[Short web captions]
──────

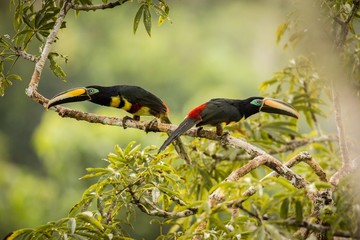 Many-banded Aracari (Pteroglossus pluricinctus)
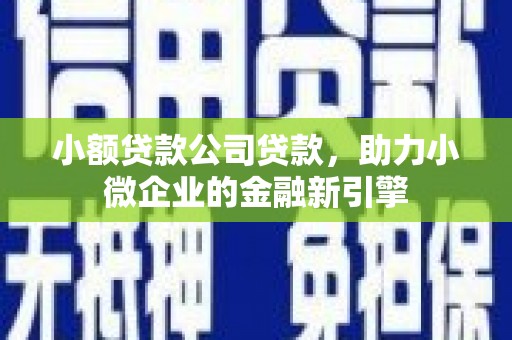 吴忠小额贷款公司贷款，助力小微企业的金融新引擎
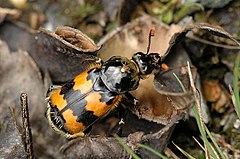 Европейски гробищен бръмбар (N. vespillo)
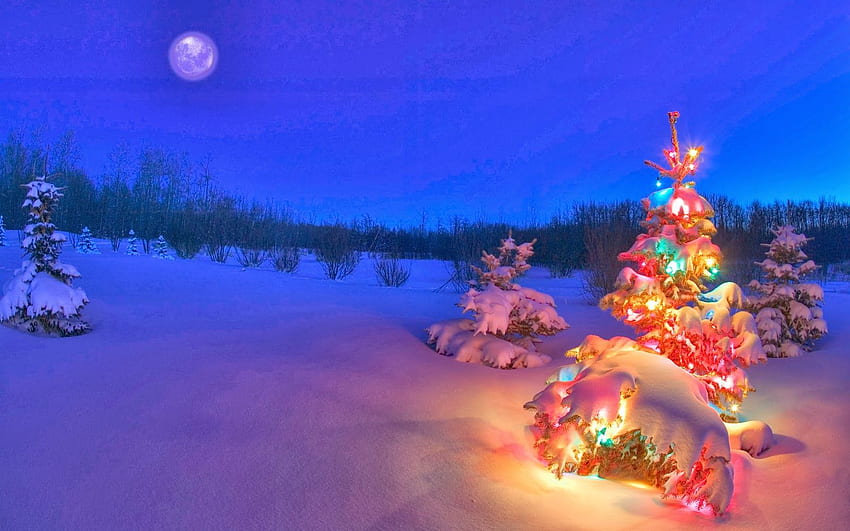 雪に覆われたクリスマスの背景、雪に覆われたクリスマスの夜 高画質の壁紙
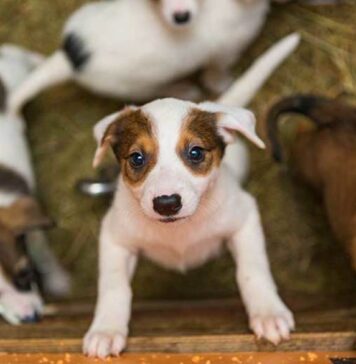 Как взять собаку из приюта?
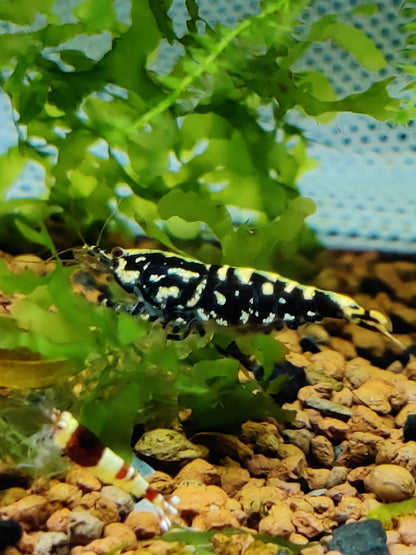 Tragende Black Pinto Galaxy/Fishbone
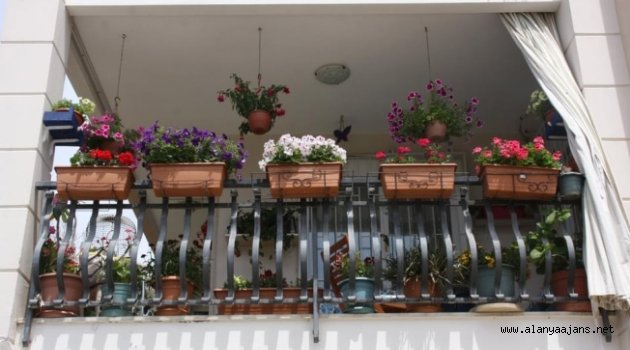 Alanya’da en güzel balkon ve bahçe ödüllendirilecek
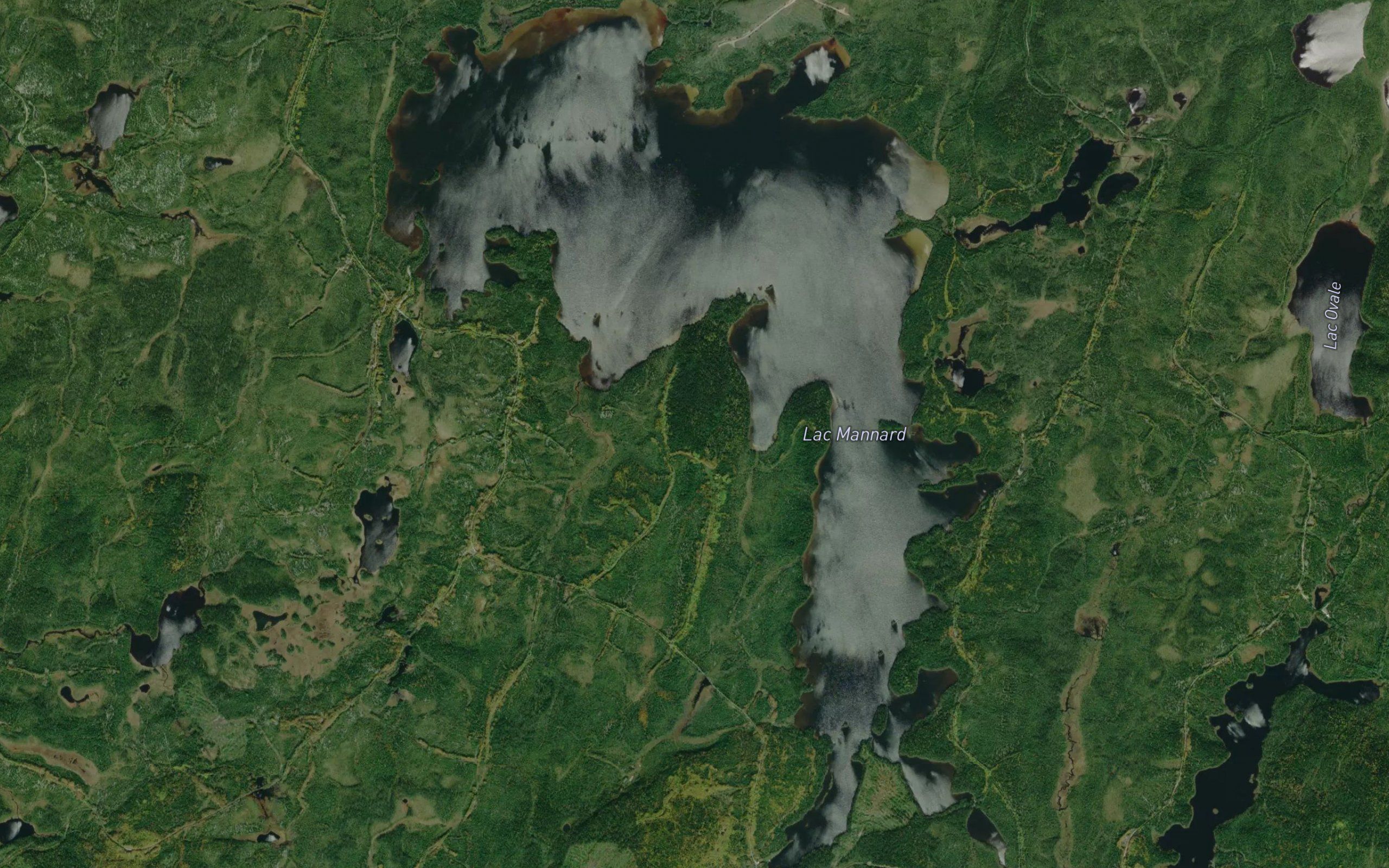 Lac Mannard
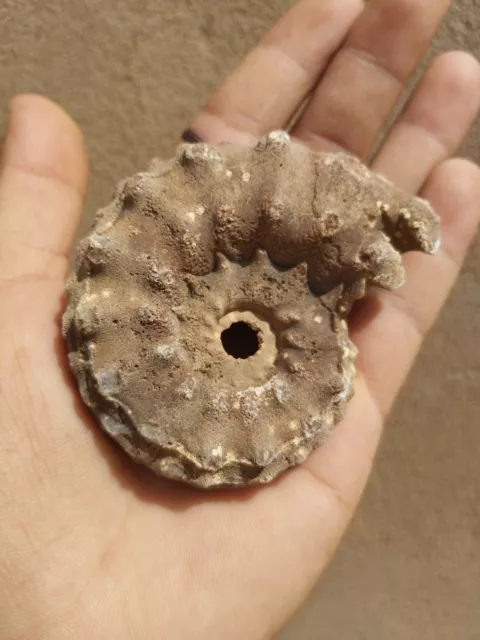 3inch Ammonite Calcite Mineral Fossil from Morocco Ammonites fossil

──────

__What to do__: What the answer needs is every line from the one containing "Как взять собаку из приюта?" through the final line of the data above, copied exactly, without pictures.

__Written response__:
 Как взять собаку из приюта?
 Tragende Black Pinto Galaxy/Fishbone
 Alanya’da en güzel balkon ve bahçe ödüllendirilecek
 Lac Mannard
 3inch Ammonite Calcite Mineral Fossil from Morocco Ammonites fossil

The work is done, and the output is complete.